The major difference between the GMAT and high school exams is that the questions are unpredictable. In high school, we’re taught to memorize certain pieces of information, and then regurgitate them on the final exam. If the question on the exam differed even slightly from the question we’ve committed to memory, we tended to panic, guess and generally fail to see the relationship between what we learned and what we were being asked to solve. As an example, if you know 12^2, you’re already 85.2% of the way to solving 13^2 (you know, roughly…). There is a fairly simple way to go from one perfect square to another, but before we talk about the general case solution, let’s go back to the beginning.

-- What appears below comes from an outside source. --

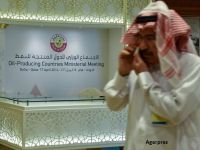 Pretul petrolului din nou in scadere, pe fondul tensiunilor dintre Arabia Saudita si Iran pentru influenta in Orientul Mijlociu. Barilul ar putea ajunge &ldquo;cu mult&rdquo; sub 40 dolari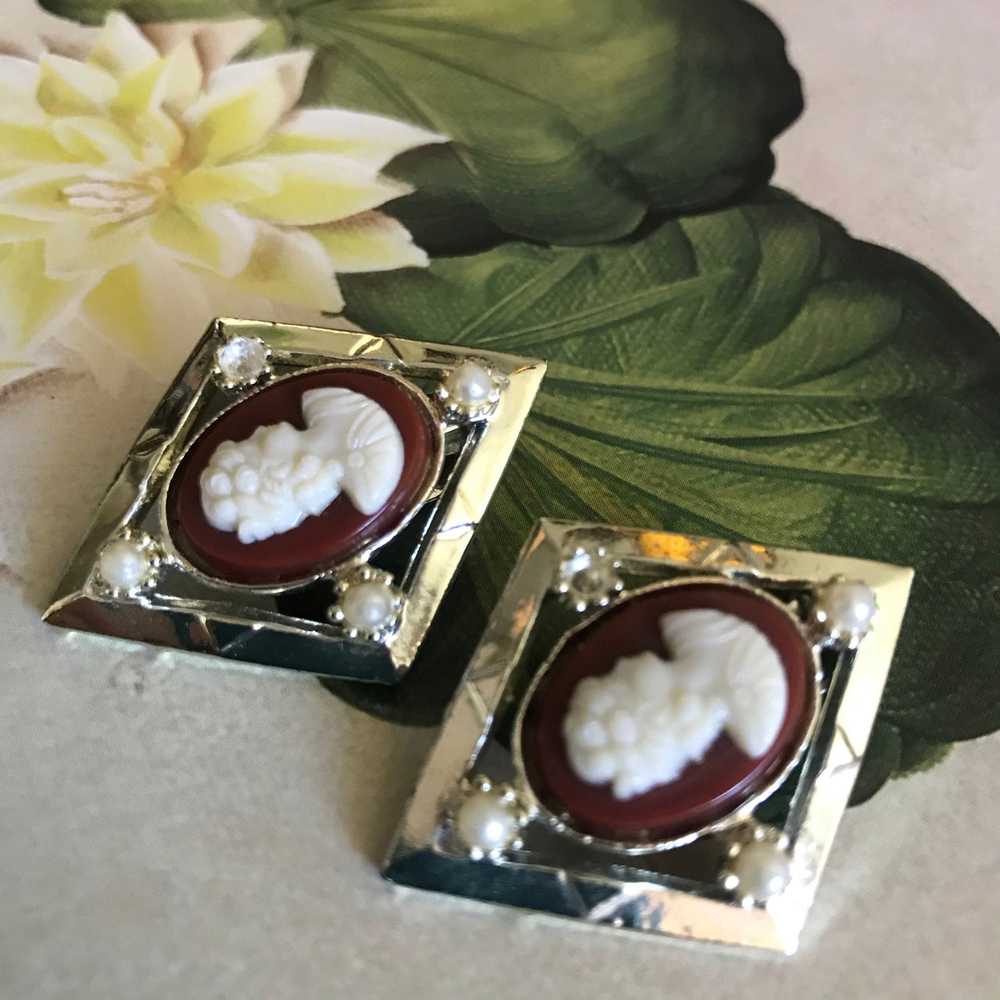 Sarah Coventry Cameo Clip Earrings - image 2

This pattern holds with 0^2, but for simplicity’s sake, let’s starts with 1^2. 1^2 expanded is 1 x 1, and this gives us a product of 1. Let’s look at the next perfect square: 2^2. 2 x 2 = 4. This is an increase of 3 from the first perfect square. The next perfect square is 3^2. 3 x 3 = 9. This represents an increase of 5 from the previous perfect square. Let’s do one more to cement the pattern: 4^2. 4 x 4 = 16. From the previous perfect square, we’ve increased by 7. The next perfect squares are 25, 36 and 49, representing subsequent increases of 9, 11 and 13, respectively. Indeed, each increase between subsequent perfect squares is a positive odd integer, and they’re in sequential order. It turns out that this pattern holds for all perfect squares, allowing us a shortcut to calculate them quickly. Let’s look at why this pattern holds.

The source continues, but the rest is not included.